The sinking of the Titanic is usually blamed on that careless, horrible Captain Smith and the greedy capitalist shipowner who didn’t want the expense or inconvenience or clutter of enough lifeboats. Rarely discussed is the role of the regulators in the tragedy.
Chris Berg points out in his Wall Street Journal article a year ago, The Real Reason for the Tragedy of the Titanic, that the regulators, the British Board of Trade, required all boats over 10,000 metric tons to have 16 lifeboats. It didn’t matter how many passengers were on board. Just put 16 lifeboats on.
Was the Titanic in compliance? Yes.
Yet the Titanic was fully compliant with all marine laws. The British Board of Trade required all vessels above 10,000 metric tonnes (11,023 U.S. tons) to carry 16 lifeboats. The White Star Line ensured that the Titanic exceeded the requirements by four boats. But the ship was 46,328 tonnes. The Board of Trade hadn’t updated its regulations for nearly 20 years.
The operating concept was that only enough lifeboats were necessary to transfer passengers to other ships that would be passing by soon. As the article points out, if the Titanic had taken as long to sink as the previous disaster in 1909, which was 36 hours from damage to sinking, then all of the passengers could have been transferred to seven other ships that would have passed by within a reasonable time.
But the regulators hadn’t updated their thinking or boat count in 20 years.
So when the White Star staff presented their plans to the Board of Trade for comment, they didn’t require any changes.

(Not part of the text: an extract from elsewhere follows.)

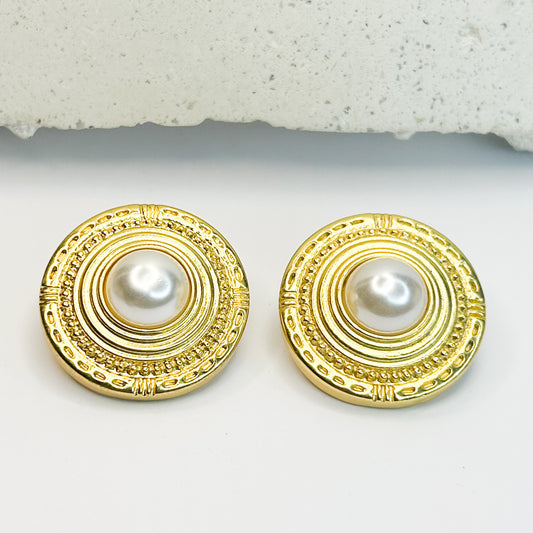 Sylvie Pearl Stud Earrings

And if the regulators have created requirements and demand compliance, then that is enough, right?
Here’s the conclusion:
At the accident’s core is this reality: British regulators assumed responsibility for lifeboat numbers and then botched that responsibility. With a close reading of the evidence, it is hard not to see the Titanic disaster as a tragic example of government failure.
There is a direct lesson for today regarding attitudes and actions of regulators.
This is a distressingly common problem. Governments find it easy to implement regulations but tedious to maintain existing ones—politicians gain little political benefit from updating old laws, only from introducing new laws.
The danger of those subject to regulation is to consider that the regulator knows enough to correctly assess risks and then accept those rules as sufficient.
And regulated entities tend to comply with the specifics of the regulations, not with the goal of the regulations themselves. All too often, once government takes over, what was private risk management becomes regulatory compliance.
The danger? Merely complying with the requirement, instead of making an independent, private risk assessment of what is needed.
The tragic irony is that if the regulators did not have a bright line requirement, then ship builders would have been forced to figure out how many lifeboats were needed as each ship was designed.